Startup Yellowbrick Data has secured $81 million in Series C funding to help speed adoption of its high-performance data warehouse appliance.
Yellowbrick came out of stealth mode in July last year with $44m in Series A funding, and followed up with $48m Series B financing in October. The latest round brings total financing to $173m, led by DFJ Growth with Menlo Ventures, Google Ventures, and new investors IVP and BMW i Ventures.
The company describes the Yellowbrick Data Warehouse as a turnkey appliance for data warehousing and running analytics on that data. It is based on a custom hardware-software combo that is purportedly up to 140 times faster than rivals.
It achieves this performance partly through a technique that Yellowbrick calls native flash queries. Briefly, the data being processed is streamed directly from SSD and into the CPU cache, bypassing main memory entirely in order to take advantage of the massive bandwidth that the flash storage subsystem offers.
Each Data Warehouse is a rack-mount enclosure with a number of compute blade nodes plus two manager nodes, with connectivity via 2x 10GbE or 2x 40GbE network ports per manager node. The Yellowbrick Data Warehouse 2300 Series, introduced in February 2019, can be configured with up to 30 compute nodes and can store up to 2.4 petabytes of customer data.

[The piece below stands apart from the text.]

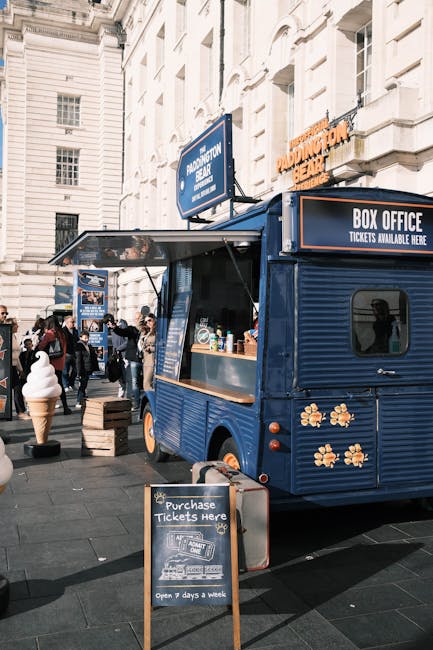 A blue mobile food cart is situated on a busy city street with a large group of people gathered around. The cart has a counter for serving and is decorated with images of popcorn, indicating it offers snacks or treats. An A-frame sign in front of the cart displays information about ticket purchases, suggesting it is part of a public event or entertainment setup. Behind the cart, there are tall, white stone buildings with multiple windows, typical of urban architecture. To the left, there is a large ice cream sculpture and a stack of wooden crates, potentially used for storage or delivery purposes. The scene appears well-lit with natural daylight, and the environment includes pedestrians walking and standing, some engaged in conversation or waiting. This setting relates to house removal services, as such setups are common at moving or event locations, where removals companies like Removal Companies Paddington may provide logistical support for relocations or related services.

Co-founder and chief executive Neil Carson claimed in a statement today that Yellowbrick Data is the fastest SQL analytics platform on the market, combining speed, flexibility, and security with predictable costs.
“This mix is driving growth for our company, and success for our expanding set of new and existing global customers,” he said.
One Yellowbrick customer is behaviour-based fraud detection firm ThreatMetrix. CTO Matthias Baumhof said in a statement today that Yellowbrick Data came out tops when his company tested it against rival data warehouses and Hadoop-based solutions.
“Our user queries are completely ad hoc and the Yellowbrick workload management capabilities allowed us to guarantee interactive response times for our portal users, even under high concurrency,” he said.